Archaeology, tyranny – and rape
By the sixth century BCE, Rome was certainly a small urban community. It is often tricky to decide when a mere agglomeration of huts and houses becomes a town with a sense of itself as a community, with a shared identity and aspirations. But the idea of a structured Roman calendar, and with it a shared religious culture and rhythm of life, most likely goes back into the regal period. Archaeological traces too leave little doubt that by the sixth century BCE Rome had public buildings, temples and a ‘town centre’, which are clear indications of urban living, even if, in our terms, on a small scale. The chronology of these traces remains controversial: there is not a single piece of evidence on whose dating all archaeologists agree; and new discoveries are always altering the picture (though often not quite so significantly as their discoverers hope!). Nonetheless, it would now take a very determined, and blinkered, sceptic to deny the urban character of Rome at this period.

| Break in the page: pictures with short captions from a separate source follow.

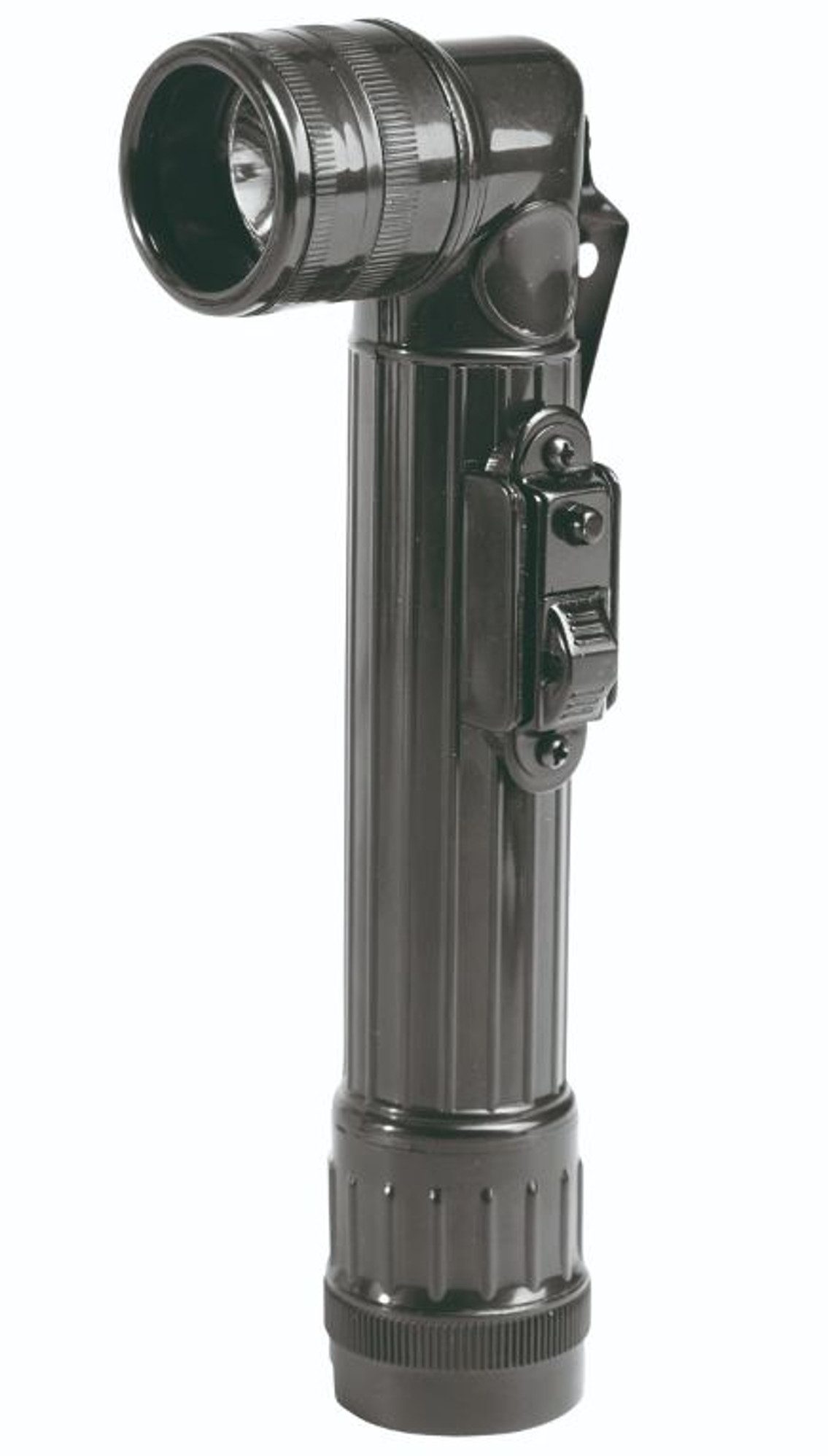 Mil-Tec Black Medium Led Anglehead Flashlight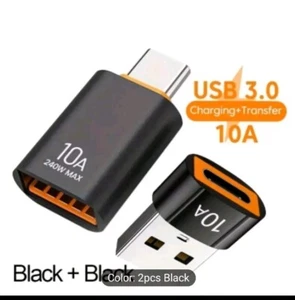6A USB OTG Adapter USB 3.0 A Male To Type C Female Converter Fast Charger 120W - Picture 1 of 8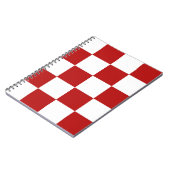 ノートのヴィンテージのカフェのテーブルクロスのチェッカーボードChex ノートブック (左側)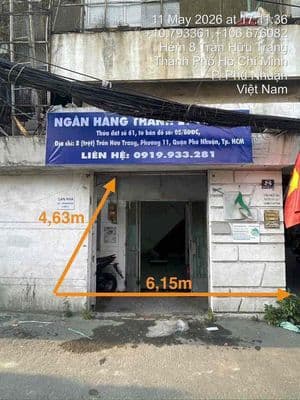 ngân hàng thanh lý tài sản: căn hộ chung cư mặt tiền Trần Hữu Trang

The remains in question are found in several places under the later city, but the clearest impression of this early town is found in the area of the Forum. By the sixth century BCE, its level had been artificially raised and some drainage work had been carried out, in both cases to protect the area from flooding; and at least one or two successive gravel surfaces had been laid, so that it could function as a shared central space for the community. The inscription with which we started this chapter was found at one end of the Forum, just beneath the slopes of the Capitoline Hill, in what had been an early shrine, with an outdoor altar. Whatever exactly the text means, it was certainly a public notice of some sort, which itself implies the framework of a structured community and recognised authority. At the other end of the Forum, excavations of the earliest levels under a cluster of later religious buildings, including those associated with the Vestal Virgins, have suggested that they go back to the sixth century BCE or even earlier. Not far from there, a few scant remains have been discovered of a series of substantial private houses of roughly the same date. The remains are very scant, but they do give a faint glimpse of some well-heeled big men living in style next to the civic centre.

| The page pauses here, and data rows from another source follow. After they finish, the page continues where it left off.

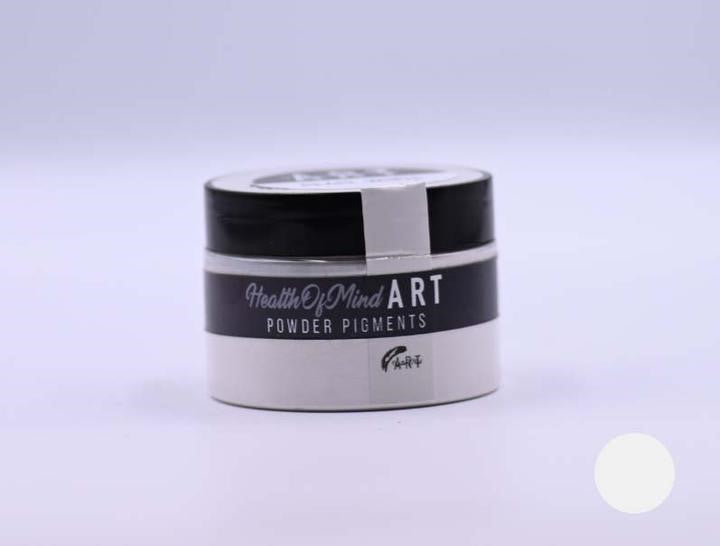 Health of Mind Art Pearl White 50g Pearlescent Pigment Mica Powder for Epoxy Resin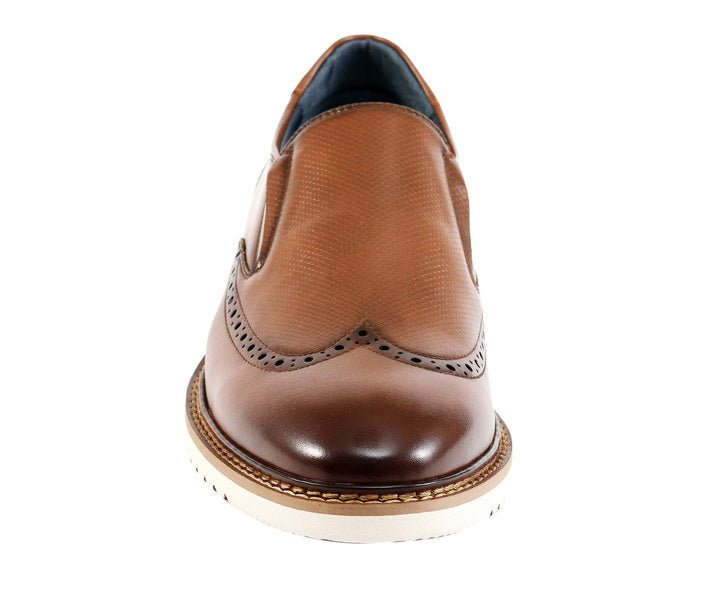 Amali Clyde Hybrid Slip On ShoeS Men’s Leather Cognac Loafers by Amali – Don't Panic Shoes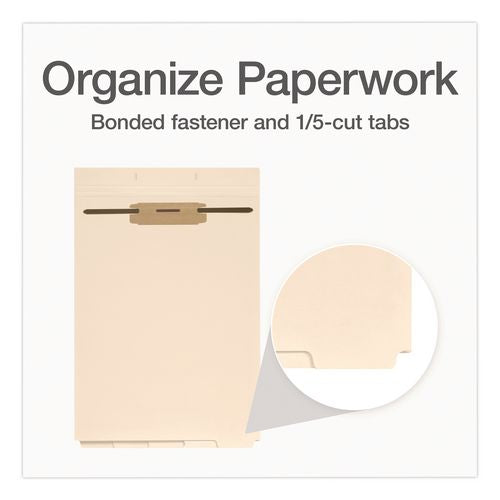 Image of Pendaflex® 75600 File Divider Set, End Tab: 1/5-Cut, 1 Fastener, Letter Size, Manila, 50/Pack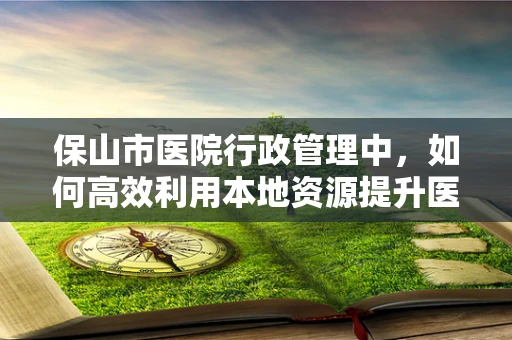 保山市医院行政管理中，如何高效利用本地资源提升医疗服务质量？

It is hard to know how closely to match these archaeological remains to the literary tradition about the last kings of Rome. It is almost certainly going too far to suggest, as the excavators would like us to believe, that one of those sixth-century BCE houses near the Forum was actually the ‘House of the Tarquins’, supposing such a thing ever existed. But nor is it likely to be a complete coincidence that the Roman narratives of the last part of the regal period stress the building activities that the kings sponsored. Both of the Tarquins were supposed to have inaugurated the great Temple of Jupiter on the Capitoline Hill (later Roman writers found these two kings easy to confuse); and both were said to have built the Circus Maximus and to have commissioned shops and porticoes round the Forum. Servius Tullius, as well as having several temple foundations to his name, was often credited with surrounding the city with a defensive wall. This would be another key sign of a sense of shared community, although the surviving fortification now known as the Servian Wall is for the most part no earlier than the fourth century BCE.

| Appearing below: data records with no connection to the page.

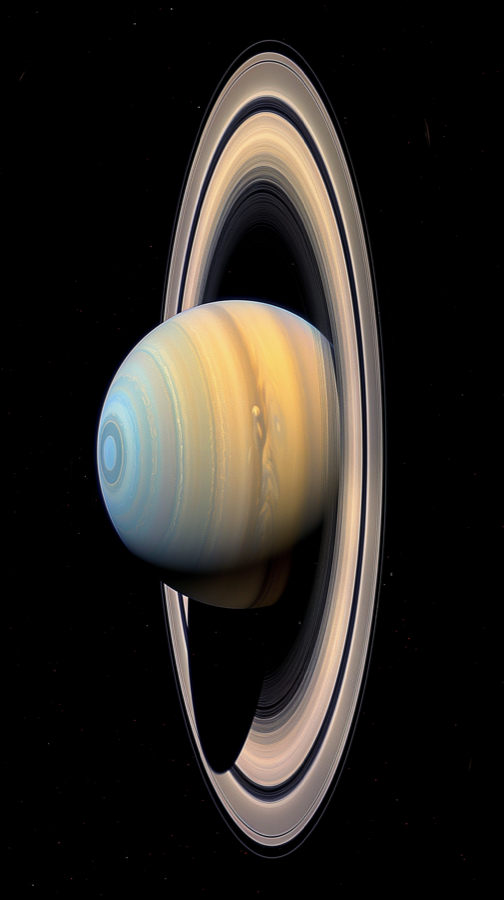 photorealistic saturn with rings 2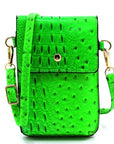 Ostrich Croc Crossbody Cell Phone  Case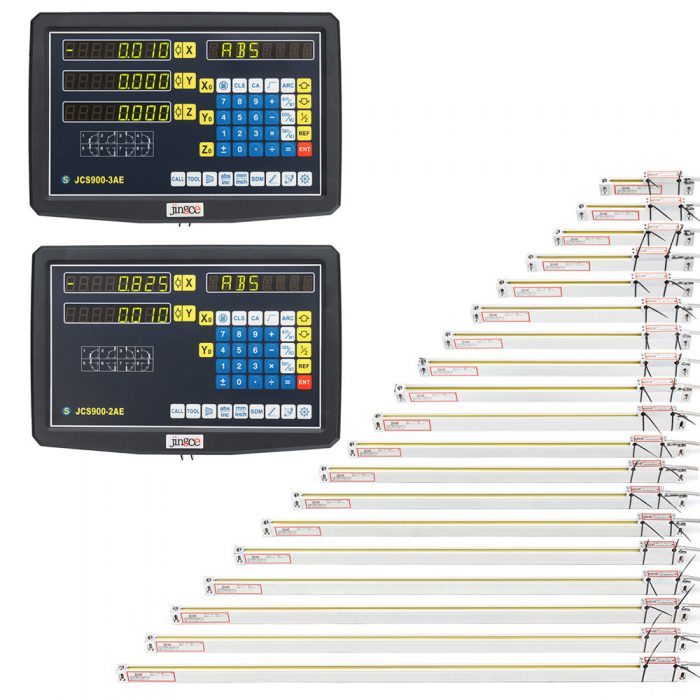 2/3 Axis Grating CNC Milling Digital Readout Display / 50-1000mm Electronic Linear Scale Lathe Tool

The Italian phrase coined in the 1930s to describe this period, ‘La Grande Roma dei Tarquini’ (‘The Great Rome of the Tarquins’), may not be so misleading – though it depends a lot, of course, on exactly what is meant by ‘Grande’. Rome was still, in absolute and relative terms, far from ‘great’. But it was a larger and more urban community than it had been a hundred years earlier, having profited, no doubt, from its prime position for trading and its proximity to wealthy Etruria. So far as we can judge the town’s extent in the middle of the sixth century BCE (part of that judgement inevitably comes down to guesswork), it was now substantially bigger than the Latin settlements to the south and at least as large as the largest Etruscan towns to the north, with a population of perhaps 20,000 to 30,000, although it had nowhere near the grandeur of some contemporary Greek settlements in Sicily and South Italy, and was significantly smaller. That is to say, Rome must have been a major player in the region, but it was not yet in any way extraordinary.
Not all the urban developments that Romans ascribed to the Tarquins were splendid in the obvious sense of the word. It was a characteristically Roman concern for the infrastructure of urban life that made later writers hail their achievements in constructing a drain: the Cloaca Maxima, or the ‘Great(est) Drain’. Quite how much of what survives of this famous structure goes back to the sixth century BCE is far from clear: the substantial masonry sections that it is still possible to explore, and that still carry part of the overflow from the modern city and the detritus from modern bathrooms, are from several centuries later, and it now seems likely that the earliest attempts at some kind of drainage system go back earlier, to the seventh century BCE. But in the Roman imagination the Cloaca was always a wonder of Rome that was owed to its final kings: ‘an amazing work and more than words can describe’ enthused Dionysius, who presumably had in mind what was visible in his day, in the first century BCE. Yet it also had a darker side: it was not just a wonder but also a reminder of the cruel tyranny that for the Romans marked the end of the regalperiod. In a particularly lurid, and gloriously fantastical, account, Pliny the Elder (that is, Gaius Plinius Secundus, the extraordinary Roman polymath now best remembered as the one celebrity victim of the eruption of Vesuvius in 79 CE) describes how the people of the city were so exhausted by the construction work on the drain that many killed themselves. The king, in response, nailed the bodies of the suicides to crosses, in the hope that the shame of crucifixion would be a deterrent for others.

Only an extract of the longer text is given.